After bringing a claim for unfair dismissal, Mr Steels reached a settlement agreement through ACAS with his former employer whereby they would pay him £15,500 in 47 weekly instalments. It also included a confidentiality clause.
However, after a few weeks the company stopped the instalments because it learned that Mr Steels had breached the confidentiality clause by telling a former employee (who had left on bad terms) about it.
Given this clear breach, the company argued that it was no longer obliged to maintain the payments. Mr Steels issued proceedings in the County Court.
County Court decision
The County Court judge found that despite this breach, the confidentiality clause was not a condition of the agreement. If it had been, the breach would have discharged the ex-employer from further obligation under the agreement, which in this case was the obligation to pay money.
The judge instead found that as it was an intermediate term, she therefore needed to consider the severity of the breach. Finding that the breach of the term was not a fundamental breach and did not go to the root of the contract, she refused the company’s application for relief from further payments.
High Court decision
On appeal the High Court agreed with the County Court judge’s finding that the confidentiality clause was not a condition of the contract. Indeed, the court pointed out that the parties could have stipulated that the confidentiality clause was a condition and specified consequences for breach but did not do so.
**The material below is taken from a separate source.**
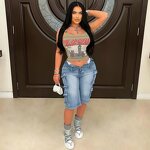 Women Shorts Manufacturer - Custom Loose Fifth Denim Cargo Pocket Shorts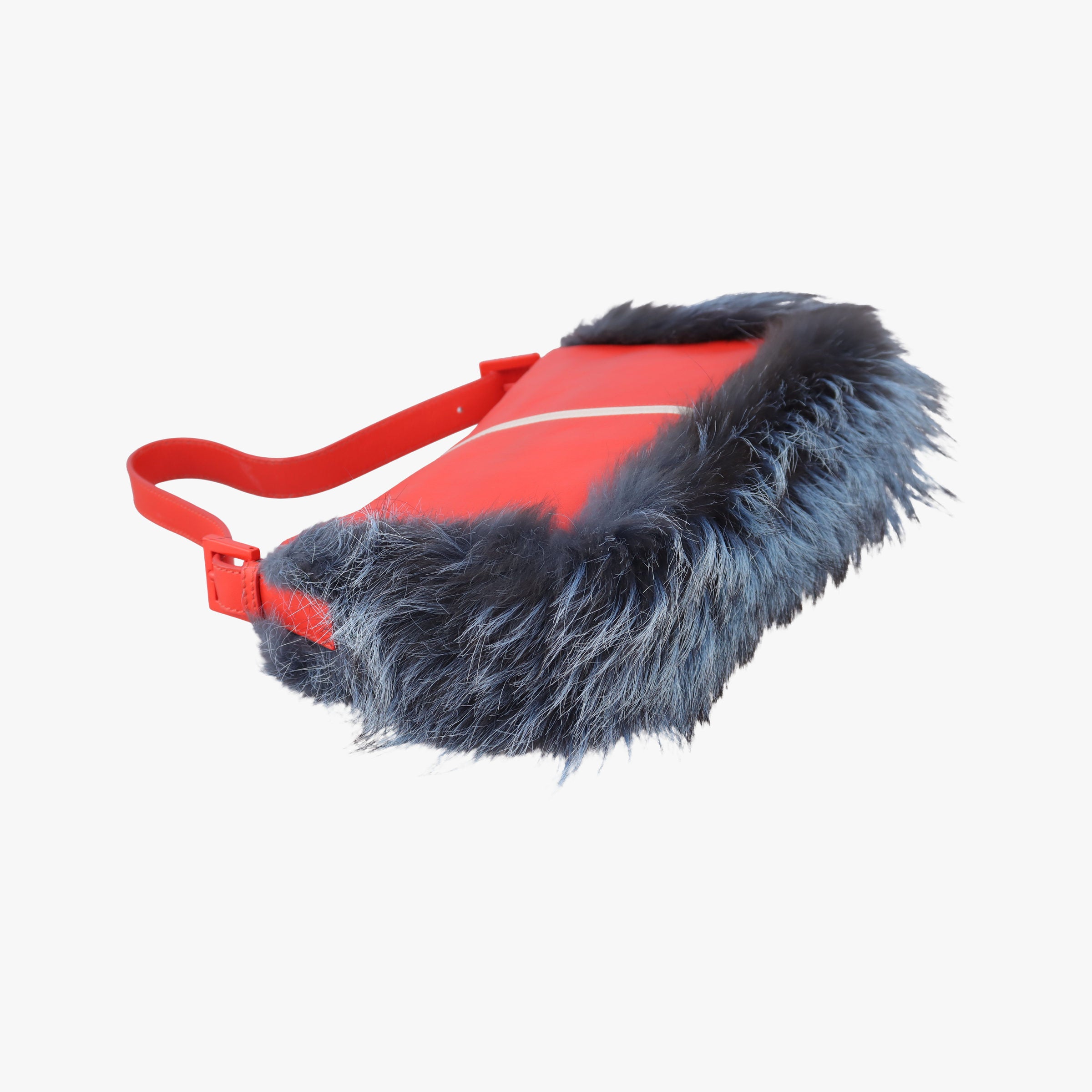 Pre-owned Fendi Bag Bugs Monster Red × Blue Calfskin × Fox Fur × Mink  handbag | stylenewstar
The High Court then went further to consider whether the breach was fundamental and determined that it was not, noting that this case “flags up the general problem of enforceability of confidentiality clauses in employment settlements”.
There are two potential remedies available to a party where the other party has breached the confidentiality clause:
- apply for an injunction; or
- claim damages.
An injunction is of no use if the breach of the confidentiality clause has already taken place. In this case, damages were not impossible to quantify so therefore parties to an agreement need to pre-empt and foresee what will happen in the event that one party breaches the confidentiality clause.
In the judgment, the High Court stated that “parties can make specific provision in the contract terms for what should happen if there is a breach of confidentiality”. If that level of specificity is undesirable and the contract needs to remain drafted in general terms for whatever reason, the parties can specify not only that the confidentiality clause is a condition of the contract, but they can also stipulate the consequences of any breach.
Solicitors advising employees in settlement proceedings need to consider carefully the importance of confidentiality to the parties and what consequences should flow from any breach of that confidentiality. Without specified consequences an innocent party cannot be sure there will be any consequence if the other side breaches this requirement.